Départs en cascade dans le département de Mathias Reynard : "Je ne me sens pas esseulé"

Didier Morard
Journaliste

Des départs à la pelle au sein du Département valaisan de la santé, des affaires sociales et de la culture. En quatre mois, pas moins de trois cadres ont quitté le navire. Le conseiller d’Etat Mathias Reynard se veut rassurant.

Le ministre socialiste perd de nombreux cadres au sein de son département depuis quelques mois. Le Saviséan a vu en avril dernier le médecin cantonal Christian Ambord annoncer sa démission. Il y a un mois, c’était la cheffe du Service de la culture, Anne-Catherine Sutermeister, qui quittait le navire sur fond de tensions internes et insolubles. Dernier départ en date : ce mercredi avec le chef du Service de la santé publique, Victor Fournier. Le Nendard rejoindra d’ici la fin de l’année la direction de Pro Senectute Valais-Wallis. «Evidemment que ce n’est pas une bonne nouvelle pour le service. On pouvait compter sur quelqu’un de très engagé et qui connaissait ses dossiers sur le bout des doigts», regrette Mathias Reynard. La pilule passée, le conseiller d’Etat comprend toutefois la décision de son chef de service. «Après une dizaine d’années à la tête du service et une pandémie à gérer, on peut que comprendre sa volonté de retrouver une fonction plus sereine.»

Un Service de la santé sans capitaine

Le départ de Victor Fournier succède à une autre démission au sein du même service, celle du médecin cantonal Christian Ambord. En quatre mois, les deux principaux responsables de ce dicastère ont quitté le canton.
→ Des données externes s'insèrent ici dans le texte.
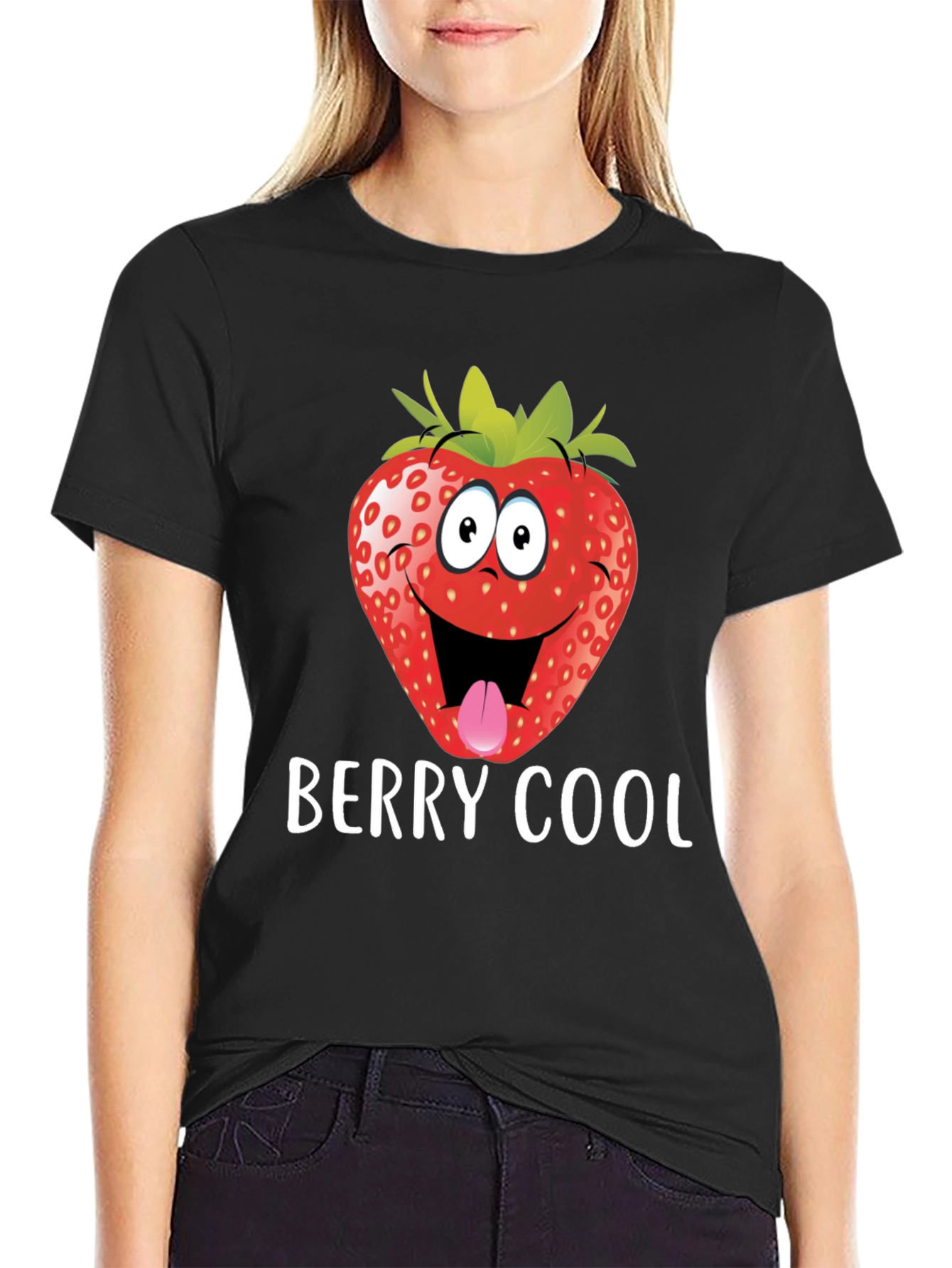 Berry Cool Strawberry Graphic Tee - Funny T-Shirt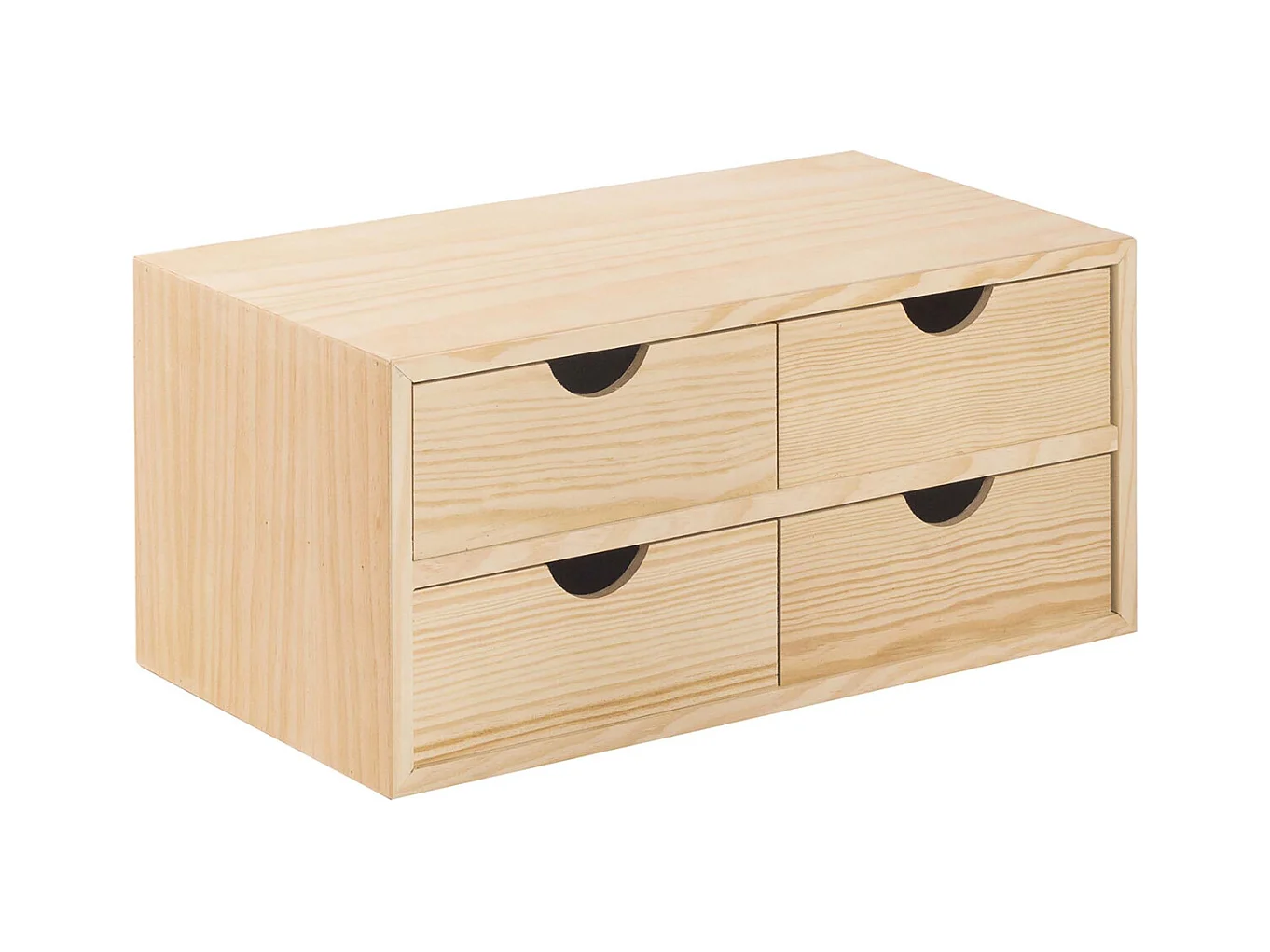 Mini rangement bloc en pin brut avec tiroirs 4 tiroirs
Faut-il y craindre des tensions internes? «Pas du tout, on n’est pas dans une situation problématique. Le service fonctionne bien. A notre connaissance, ce n’est pas du tout à cause de problèmes à l’interne du service que Victor Fournier fait cette réorientation professionnelle», se veut rassurant Mathias Reynard.

On va faire en sorte d’avoir cette stabilité, cette continuité.

Mathias Reynard, conseiller d’Etat

Le Saviésan se veut tout aussi positif quant à la bonne marche du Service de la santé publique malgré le départ des deux principaux responsables. «Ces deux personnes sont encore en fonction et le resteront jusqu’à la fin de l’année. On va faire en sorte d’avoir cette stabilité, cette continuité. Il faut bien se rendre compte qu’il y a de nombreux autres collaborateurs, qui font leur travail et qui connaissent leur dossier. Tout ne change pas!»

La procédure d’engagement pour trouver le successeur de Victor Fournier sera lancée tout prochainement.

Des départs en cascade

Depuis le mois d’avril, Mathias Reynard a vu trois de ces plus proches collaborateurs quitter leur poste : Christian Ambord (médecin cantonal), Anne-Catherine Sutermeister (cheffe du Service de la culture) et Victor Fournier (chef du Service de la santé publique). Avec ces départs, le socialiste se sent-il esseulé? «Non, je ne me sens pas esseulé. Il y a beaucoup de services dans le département et surtout une centaine de collaborateurs. Mais c’est sûr que d’avoir ces changements en quelques mois d’intervalle, c’est un défi. Bien sûr que c’est plus simple quand il n’y a pas de changements mais il faut voir ça comme un nouveau souffle», conclut Mathias Reynard.